Introduction
ML Kit for Firebase is a machine learning toolkit made by Google for Android and iOS. (Well still in Beta version) With this kit you can use on-device pre-trained APIs :- Text recognition
- Face detection
- Barcode scanning
- Image labeling
- Object detection & tracking
- Language identification
- Translation
- Smart reply generator (only in english)
- Text recognition
- Image labeling
- Landmark recognition
Android dependency
In app/build.gradle you should add :android {
//...
aaptOptions {
noCompress "tflite"
}
}
dependencies {
//...
// ml-vision general
implementation 'com.google.firebase:firebase-ml-vision:24.0.1'
// Face Detection (contours)
implementation 'com.google.firebase:firebase-ml-vision-face-model:19.0.0'
// Barcode Scanning
implementation 'com.google.firebase:firebase-ml-vision-barcode-model:16.0.1'
// Image labeling
implementation 'com.google.firebase:firebase-ml-vision-image-label-model:19.0.0'
// Object detection
implementation 'com.google.firebase:firebase-ml-vision-object-detection-model:19.0.3'
// ml-natural general
implementation 'com.google.firebase:firebase-ml-natural-language:22.0.0'
// Langauge identification
implementation 'com.google.firebase:firebase-ml-natural-language-language-id-model:20.0.7'
// Translation
implementation 'com.google.firebase:firebase-ml-natural-language-translate-model:20.0.7'
// Smart Replies
implementation 'com.google.firebase:firebase-ml-natural-language-smart-reply-model:20.0.7'
}
apply plugin: 'com.google.gms.google-services'
If you want to use a custom pre-trained model(AutoML-trined model) to load your own model you will need to add :
implementation 'com.google.firebase:firebase-ml-vision-automl:18.0.3'
Text recognition
// Create FirebaseVisionImage Object (here from an url)

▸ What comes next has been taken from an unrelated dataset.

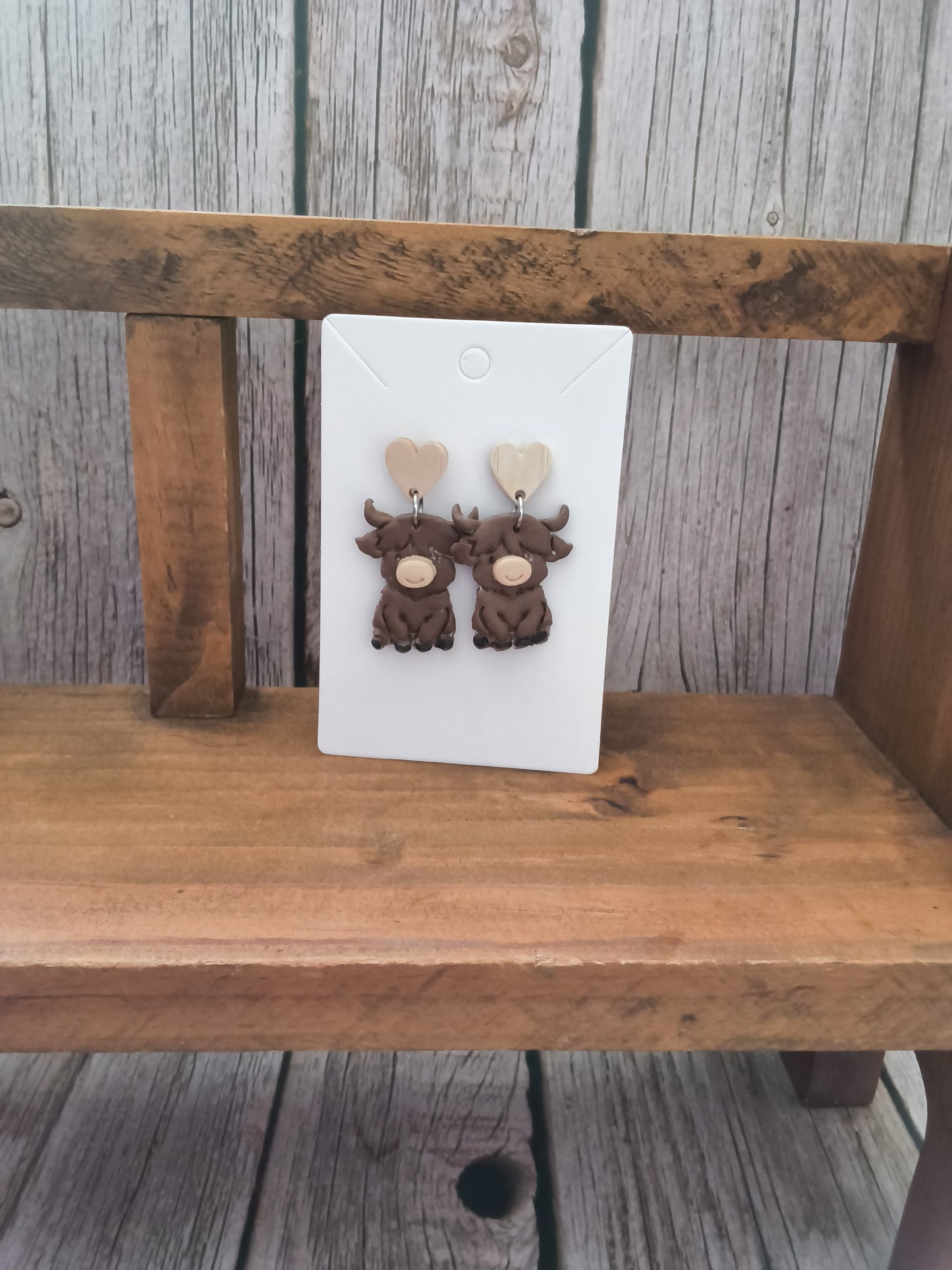 Highland Cow Polymer Clay Earrings with Heart Studs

FirebaseVisionImage image = FirebaseVisionImage.fromFilePath(context, uri);
// Create an instance of FirebaseVisionTextRecognizer with on-device model
FirebaseVisionTextRecognizer detector = FirebaseVision.getInstance().getOnDeviceTextRecognizer();
// Or with cloud model
// FirebaseVisionTextRecognizer detector = FirebaseVision.getInstance().getCloudTextRecognizer();
// Process the image
Task<FirebaseVisionText> result =
detector.processImage(image)
.addOnSuccessListener(new OnSuccessListener<FirebaseVisionText>() {
@Override
public void onSuccess(FirebaseVisionText firebaseVisionText) {
// Task completed successfully
// ...
}
})
.addOnFailureListener(
new OnFailureListener() {
@Override
public void onFailure(@NonNull Exception e) {
// Task failed with an exception
// ...
}
});
FirebaseVisionText will contain bounding box, text, language recognized, paragraph, confidence score.
Face detection
Face detection is done on device only and you can get facial contours too (optional).
// Create FirebaseVisionImage Object (here from an url)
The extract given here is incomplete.